Six of the seven microsatellite loci chosen for this study were successfully amplified in all samples. The high number of non-specific bands (i.e. 4–6) obtained in the electrophoretic run of the locus TP500, despite all precautions applied (i.e. addition of dimethyl sulfoxide in PCR, alteration of the concentration of MgCl2, increases in the annealing temperature; see Roeder et al. Reference Roeder, Marshall, Mitchelson, Visagathilagar, Ritchie and Love2001), made the locus almost useless. Several samples sequenced for this locus (TP500), considering its length based on published data (Roeder et al. Reference Roeder, Marshall, Mitchelson, Visagathilagar, Ritchie and Love2001, Shepherd et al. Reference Shepherd, Millar, Ballard, Ainley, Wilson and Haynes2005), were monomorphic in the three study colonies (PIC = 0). Therefore, the TP500 locus was excluded from further analysis.

Analyses carried out with MicroChecker did not show any evidence of stutter bands, nor allelic dropout. Amplified loci showed a medium to high PIC values (Table III). The majority of the unique alleles (i.e. characteristic of a population) were found for the largest colony (i.e. Inexpressible Island; n = 6). Consistently, the lowest number of private alleles (n = 1) was observed at Edmonson Point (Fig. 2).

Fig. 2. Allelic frequencies for each locus for all studied colonies: arrows on the x-axis show private alleles.

Table III. Polymorphic informative content (PIC) and allelic richness for each locus and for each colony, corrected for population size.

The allelic richness corrected for the population size reached a maximum in all comparisons for the XVCII locus (up to 9.9). At the population level, the lowest values were observed for Edmonson Point (range: 1.9–3.0) and the highest values were observed for Inexpressible Island (range: 4.0–8.0), apart from the locus XVCII in Adélie Cove (allelic richness: 9.9) (Table III). The three-dimensional factorial correspondence analysis showed the presence of three well-defined clusters (permutation test of θ using 1000 re-samplings = 0.095–0.224, P < 0.01 in all pairwise comparisons) (Fig. 3). Our study colonies showed no significant deviation from the HWE (all P < 0.005) (Table IV). Pairwise comparisons of all loci assessed by a drop-down menu of the software Genepop showed no LD for population genetics analysis. Therefore, the association of alleles in different loci in the investigated colonies was random. The F ST values (Table V) were significant (all P < 0.05), with the highest value found in the comparison between the largest and the smallest colonies (i.e. Inexpressible Island and Edmonson Point, respectively) (Table V). Nei's diversity index confirmed that the highest value of genetic diversity was found for the Inexpressible Island colony (0.67 ± 0.22) (Table V).

Fig. 3. Tridimensional factorial correspondence analysis, including all of the sampled individuals (yellow = Adélie Cove; red = Inexpressible Island; blue = Edmonson Point). Axes show the variables explaining the variability of the genetic diversity in our dataset.

Table IV. Hardy-Weinberg equilibrium multilocus test and tests for deficiency and excess of heterozygotes.

Table V. Results of the analysis of molecular variance between colonies (F ST) and Nei's diversity indices for genetic diversity (average gene diversity ± standard deviation).

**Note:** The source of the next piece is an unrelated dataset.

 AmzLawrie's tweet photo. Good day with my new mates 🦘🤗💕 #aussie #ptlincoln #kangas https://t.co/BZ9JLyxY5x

Gene flow between colonies is limited to four emigrating individuals every three generations (number of emigrating individuals corrected for population size = 1.33 per generation over the sampled population), thus showing isolation among populations. The Bayesian analysis of the genotyping of the three colonies confirmed a subdivision into three clusters (Fig. 4); ΔK (i.e. an ad hoc quantity based on the second-order change rate of the likelihood function with respect to K) was the highest for K = 3.

Fig. 4. Probabilities of assignment of Adélie penguin individuals to putative population clusters following the Bayesian analysis of population structure for six microsatellite loci per individual. Each individual penguin is represented by vertical lines and different colours represent different clusters (blue = Edmonson Point; yellow = Adélie Cove; red = Inexpressible Island). The structure plot was obtained without prior location information.

Discussion

In our work, microsatellite data revealed limited dispersal in Adélie penguins among an isolated cluster of three adjacent colonies in Victoria Land. A significant level of population genetic structure was detected, greater than what has been observed among other colonies of this species using polymorphic markers (Roeder et al. Reference Roeder, Marshall, Mitchelson, Visagathilagar, Ritchie and Love2001, Gorman et al. Reference Gorman, Talbot, Sonsthagen, Sage, Gravely, Fraser and Williams2017). The F ST values, which represent the degree of divergence between subpopulations (i.e. colonies; Nei Reference Nei1987), were greater than those observed among populations of Adélie and other penguin species whose nesting sites are separated by even larger geographical distances (Younger et al. Reference Younger, Emmerson, Southwell, Lelliott and Miller2015, Gorman et al. Reference Gorman, Talbot, Sonsthagen, Sage, Gravely, Fraser and Williams2017). The power of our findings may have been higher with a larger set of markers and a greater sample size (Gorman et al. Reference Gorman, Talbot, Sonsthagen, Sage, Gravely, Fraser and Williams2017). Our results are comparable with mitochondrial DNA data previously tested in our study colonies, which showed the lowest diversity levels of the Ross Sea and the highest relative abundance of the ‘A’ lineage with respect to the ‘RS’ lineage (Ritchie et al. Reference Ritchie, Millar, Gibb, Baroni and Lambert2004, Younger et al. Reference Younger, Emmerson, Southwell, Lelliott and Miller2015). Moreover, our results are comparable with those of Roeder et al. (Reference Roeder, Marshall, Mitchelson, Visagathilagar, Ritchie and Love2001), who similarly used seven microsatellite markers but detected no genetic structure.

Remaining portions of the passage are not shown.